I believe several people are already working on this - the thread may have dropped to the third page or so, but it's here.
I saw a lot of discussion but no commitments.
I saw links, discussion, and concepts, but no solid confirmations.
I'm doing some mirroring/archiving, but I would certainly encourage anyone else who wants to do so as well. I do not have what I downloaded available online anywhere yet though.
I have three archives:
The first archive is everything except the forums. So that would include pretty much anything at *.cityofheroes.com that can be found through recursively linking from the main website, as well as content on a few other related domains. So this includes domains such as ftp.coh.com, goingrogue.na.cityofheroes.com, ftp.ncsoft.com. I last took a snapshot around September 10 but I may take a new snapshot again later this week. This archive is more than 20 GB in size, due to media files.
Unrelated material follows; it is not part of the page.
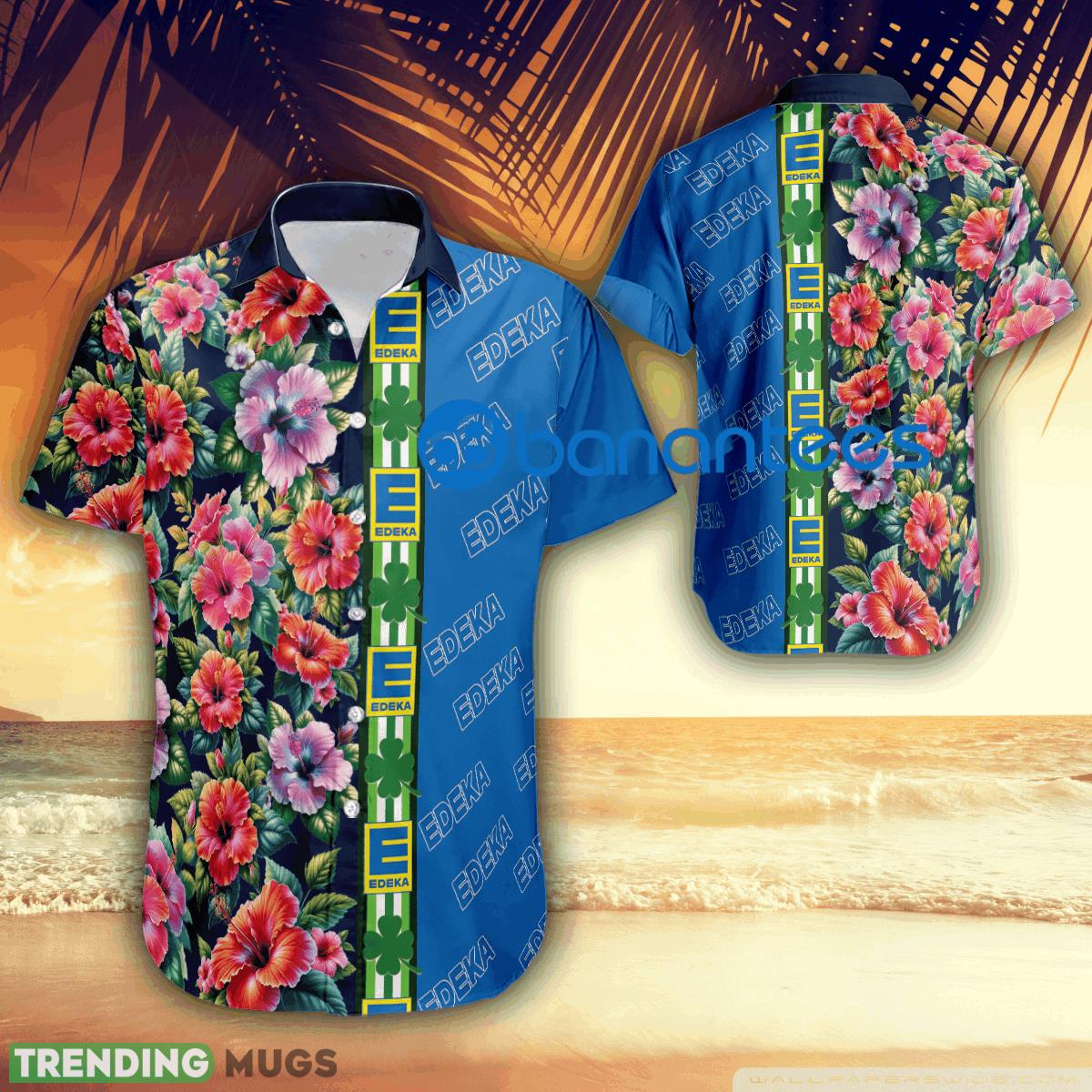 Hibiscus Flower Edeka Logo 3D Hawaiian Shirt Gift Patricks Day - Hibiscus Flower Edeka Logo 3D Hawaiian Shirt Gift Patricks Day Hibiscus Flower Edeka Logo 3D Hawaiian Shirt Gift Patricks Day - Hibiscus Flower Edeka Logo 3D Hawaiian Shirt Gift Patricks Day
The second archive is just the forums. My initial attempts to archive this met with some difficulties. Because it's a dynamic site with many ways of viewing the same information, you end up with many many copies of the same information. And because it's all "flat" it was making my computer cry to have so many files in a single directory. However, this thread got me investigating again and I discovered that there's an archive friendly (http://boards.cityofheroes.com/archive/index.php) version of the forums that strips out links, images, formatting, etc. Now that is great for archiving! So last night I kicked off an archive job and it downloaded successfully, though it stopped at I think 1,000,000 links (because I didn't realize that was a default). I now have it set to download with a much higher threshold. I don't know how long it will take to finish, but I'll try to make sure I get at least one full snapshot. Not sure how big it will end up being, but the partial download was 1 GB.
The third archive is that I downloaded all the videos from their Twitch.TV, Ustream, and YouTube accounts. This is nearly 60GB of data.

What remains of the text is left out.